Cork Myths and Curiosities

Did you know that a single cork stopper can capture up to 562g of CO2?

And that cork was used in Ancient Egypt and can be used to produce energy? Did you know that scientific research consistently proves that consumers associate cork with high-quality wines?

Find out everything you’ve always wanted to know about cork.

Cork’s success over centuries lies in its unique physical properties that no man-made closure has been able to replicate: lightness, compressibility, elastic memory, gradual recovery, impermeability to liquids and resistance to wear, heat and rot.

Cork also allows a minute amount of oxygen to permeate into the wine after sealing. This appears to have a beneficial impact, but more research is needed to understand the full contribution of the cork to wine development.

In addition, the introduction of technical corks such as Twin Top, champagne corks and Neutrocork has extended the range of cork products available to suit each wine style and market segment.

With proper handling during and after bottling to ensure the best performance, cork is unsurpassed as a wine closure.

Cork remains as relevant today as it has ever been. Producers such as Amorim have effectively defeated the problem of TCA and are working constantly to improve performance.

New research is helping us better understand the unique contribution that the cork makes to wine development. We will be able to use that new knowledge to further improve our products.

We do not accept that a single closure can cover every single wine segment. Amorim is developing new corks products to suit specific wine segments, responding to a specific need in the wine market. Our closures range from natural corks to Twin Top corks for premium wines and Neutrocork for the popular premium segment. All meet high standards of sensory performance and consistency.

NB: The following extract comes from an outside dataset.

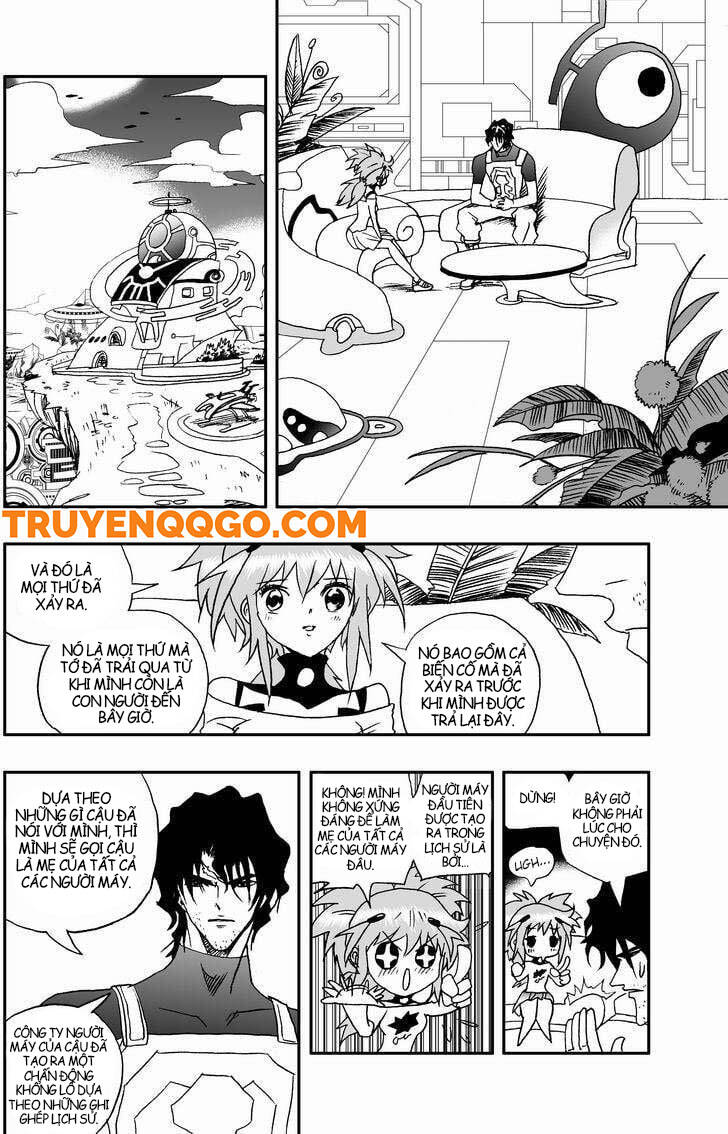 I The Female Robot Chap 86 - Next Chap 87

The cork industry has made great improvements in sensory performance, especially in the last five years, and new initiatives such as the communal cork processing facility will allow smaller producers to take advantage of the most recent advances in cork processing technology.

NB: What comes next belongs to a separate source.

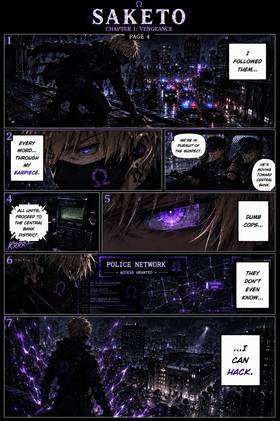 Read SAKETO  1 Page 4 in English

However, it is true that not all producers meet the standards achieved by companies such as Amorim.

By buying from an accredited supplier such as Amorim and by implementing their own quality control procedures, winemakers can buy cork confident there will be minimal risk of TCA.

Cork stopper production is at the heart of the cork economy; without it other uses of cork would become unviable. The forests would fall into neglect. It would be harder for farmers to resist pressures to clear the forests for more profitable uses such as eucalyptus.

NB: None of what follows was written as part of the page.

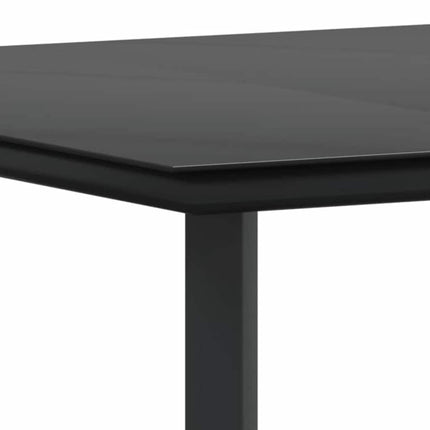 Have Spisebordssæt med pude 9 pcs Lysegrå polyrattan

It is true that the cork industry as a whole was too slow in responding to the problem of TCA. That has all changed and a huge R&D effort is devoted to improving cork quality.

The emergence of alternative closures was a wake-up call to the cork industry. Competition has been good for quality.

The problem of TCA in cork has been effectively addressed, while problems with alternative closures persist; in fact, screwcap proponents are in denial about the problems being encountered.

There is enough cork in Portugal to meet demand for the next 100 years. Under a large-scale re-forestation program funded by the EU the forests are growing by 4 per cent a year. High quality cork forests in North Africa (Algeria, Tunisia and Morocco) are being brought into commercial production.

Most importantly, the introduction of high quality technical corks is allowing much better utilisation of the cork resource.

Amorim produces high quality closures to suit each market segment and price point and believe cork-based closures are very competitive. In fact, in some markets cork closures such as Neutrocork can cost half of the current prices for leading oil-derived stoppers

Given the importance of the closure to the wine after bottling, winemakers are encouraged to ensure they purchase a high quality closure. Amorim commercial personnel can advise on the most appropriate closure for each wine.

Winemakers may make recommendations, but they cannot control when a wine is to be drunk. They must be confident that the closure will last the distance, regardless of when the wine is to be drunk. Cork has proven itself to be an effective seal on wine stored for decades. Technical corks such as Twin Top, which are designed for short-to medium-term cellaring, are still performing well in comparative trials, even after 5 years.

Winemakers can use cork confident in the knowledge that it will perform well, regardless of when the wine is to be drunk, without the risk of premature oxidation or sulphide-like odours associated with other closures.

Wines may not need oxygen to develop, but it appears that they benefit from the minute amount of oxygen ingress allowed by cork stoppers.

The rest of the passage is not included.